AORTOGRAM WITH RUNOFF:
Moderate tortuosity bilateral iliac systems....

RIGHT LOWER EXTREMITY ANGIOGRAM:
Mild non obstructive diffuse disease right SFA...
100% occlusion

LEFT LOWER EXTREMITY ANGIOGRAM:
Mild non abstructive diffuse disease left SFA
100% occlusion...

CONCLUSIONS:
Successful recanalization left peroneal occlusion
Successful atherectomy and PTA left popliteal and peroneal arteries

My Dr. Billed: 
36140 - Denied
36247 - Denied
75716(26) - Denied
36200 - Denied
75626(26) - Paid
37225 - Paid
37229 - Paid
37232 - Paid

Can anyone explain whether he billed correctly?
Can you guide me by highlighting what & why he should bill a particular code? I really want to learn how to code cath-reports?
CSnow, why did you select 37224?


----------



## heatheralayna (Dec 9, 2011)

coders_rock! said:


> Thank you for responding so promptly.
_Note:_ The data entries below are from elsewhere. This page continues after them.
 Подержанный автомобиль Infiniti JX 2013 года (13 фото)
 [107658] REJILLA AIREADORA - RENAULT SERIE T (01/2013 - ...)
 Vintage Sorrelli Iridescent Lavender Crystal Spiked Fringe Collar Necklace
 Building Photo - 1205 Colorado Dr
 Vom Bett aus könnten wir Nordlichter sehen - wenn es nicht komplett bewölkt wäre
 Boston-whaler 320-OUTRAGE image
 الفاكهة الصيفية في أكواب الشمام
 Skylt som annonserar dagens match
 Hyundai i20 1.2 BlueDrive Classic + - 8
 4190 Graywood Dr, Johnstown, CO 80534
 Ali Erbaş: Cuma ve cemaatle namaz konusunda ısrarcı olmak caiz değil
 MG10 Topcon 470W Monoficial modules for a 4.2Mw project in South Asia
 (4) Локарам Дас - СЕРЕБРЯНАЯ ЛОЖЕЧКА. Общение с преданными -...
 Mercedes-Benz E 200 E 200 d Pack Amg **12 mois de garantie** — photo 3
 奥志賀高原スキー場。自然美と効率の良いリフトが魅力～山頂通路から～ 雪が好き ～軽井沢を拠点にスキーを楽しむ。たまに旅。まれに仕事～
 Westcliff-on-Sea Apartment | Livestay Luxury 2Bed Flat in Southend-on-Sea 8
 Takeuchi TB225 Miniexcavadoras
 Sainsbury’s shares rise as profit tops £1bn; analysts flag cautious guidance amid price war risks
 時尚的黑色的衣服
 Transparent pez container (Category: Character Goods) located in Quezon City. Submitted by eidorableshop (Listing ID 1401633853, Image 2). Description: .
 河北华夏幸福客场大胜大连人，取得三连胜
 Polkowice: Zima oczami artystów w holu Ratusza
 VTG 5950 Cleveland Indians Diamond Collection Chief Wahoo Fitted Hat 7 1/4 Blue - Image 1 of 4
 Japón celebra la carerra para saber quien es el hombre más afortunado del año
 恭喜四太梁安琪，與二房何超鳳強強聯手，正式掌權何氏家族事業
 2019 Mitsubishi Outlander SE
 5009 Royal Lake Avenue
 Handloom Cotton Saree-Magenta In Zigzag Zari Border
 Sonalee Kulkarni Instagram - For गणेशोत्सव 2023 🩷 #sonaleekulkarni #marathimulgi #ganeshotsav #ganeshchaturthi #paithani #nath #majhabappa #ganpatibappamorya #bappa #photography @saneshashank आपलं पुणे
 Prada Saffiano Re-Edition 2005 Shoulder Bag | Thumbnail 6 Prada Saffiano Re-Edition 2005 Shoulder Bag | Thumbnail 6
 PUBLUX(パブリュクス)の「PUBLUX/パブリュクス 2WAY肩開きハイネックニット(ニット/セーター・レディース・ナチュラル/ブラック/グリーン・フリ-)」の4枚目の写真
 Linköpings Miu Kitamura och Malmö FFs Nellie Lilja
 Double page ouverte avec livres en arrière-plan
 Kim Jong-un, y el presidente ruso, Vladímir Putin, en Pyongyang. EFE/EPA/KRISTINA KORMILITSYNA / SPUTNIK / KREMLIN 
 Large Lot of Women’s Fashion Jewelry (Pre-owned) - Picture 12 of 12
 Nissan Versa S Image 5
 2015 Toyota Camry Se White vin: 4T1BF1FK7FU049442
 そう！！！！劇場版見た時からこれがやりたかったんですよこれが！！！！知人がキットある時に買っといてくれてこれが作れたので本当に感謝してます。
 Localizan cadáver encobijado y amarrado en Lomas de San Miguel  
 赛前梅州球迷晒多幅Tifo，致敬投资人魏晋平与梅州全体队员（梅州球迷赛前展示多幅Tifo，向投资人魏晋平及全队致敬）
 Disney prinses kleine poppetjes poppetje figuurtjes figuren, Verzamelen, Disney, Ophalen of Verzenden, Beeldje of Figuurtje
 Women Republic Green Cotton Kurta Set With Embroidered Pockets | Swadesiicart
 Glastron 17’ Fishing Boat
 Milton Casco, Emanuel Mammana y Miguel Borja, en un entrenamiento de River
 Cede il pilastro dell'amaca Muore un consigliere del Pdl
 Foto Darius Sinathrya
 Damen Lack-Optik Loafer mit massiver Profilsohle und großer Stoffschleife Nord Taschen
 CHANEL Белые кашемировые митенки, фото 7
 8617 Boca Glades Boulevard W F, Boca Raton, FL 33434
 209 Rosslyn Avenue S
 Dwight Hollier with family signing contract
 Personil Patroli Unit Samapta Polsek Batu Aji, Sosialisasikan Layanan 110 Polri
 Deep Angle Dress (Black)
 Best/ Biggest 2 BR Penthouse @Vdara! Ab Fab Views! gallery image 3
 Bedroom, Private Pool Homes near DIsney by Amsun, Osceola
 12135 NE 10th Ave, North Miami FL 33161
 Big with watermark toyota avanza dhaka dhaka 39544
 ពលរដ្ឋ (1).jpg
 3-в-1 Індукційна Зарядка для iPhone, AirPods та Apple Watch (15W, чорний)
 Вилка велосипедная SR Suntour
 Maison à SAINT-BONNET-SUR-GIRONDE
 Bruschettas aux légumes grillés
Here is other info I did not incluce.
> 
> Vessel Angiography Findings
> 
> ...



Code 36140 is the puncture for the extremity and included with the intervention and cannot be billed, 
36247 is the catheter  placement code and also cannot be billed in addition to the intervention, 
75716(26) is for the S&I portion of the aortogram and can be only billed in addition to the intervention if it is truly diagnostic and a (59) has to be added to indicate it was diagnostic
36200 is for the cath placement in the aorta, as soon as an intervention is done, this code is not billable
37225 is for the atherectomy of the fempop area, and I am not seeing that as documented, so it would be inappropriate to bill
37229 is for the peroneal atherectomy and is appropriate
37232 is for the balloon in the vessel that had the atherectomy, and is included in the atherectomy code and cannot bill in addition 


I would also bill the 37224 for the balloon of the popliteal

hope this helps,

Heather Shaw, CPC, CIRCC


----------



## coders_rock! (Dec 9, 2011)

Are you saying that this does not support the use of 37225?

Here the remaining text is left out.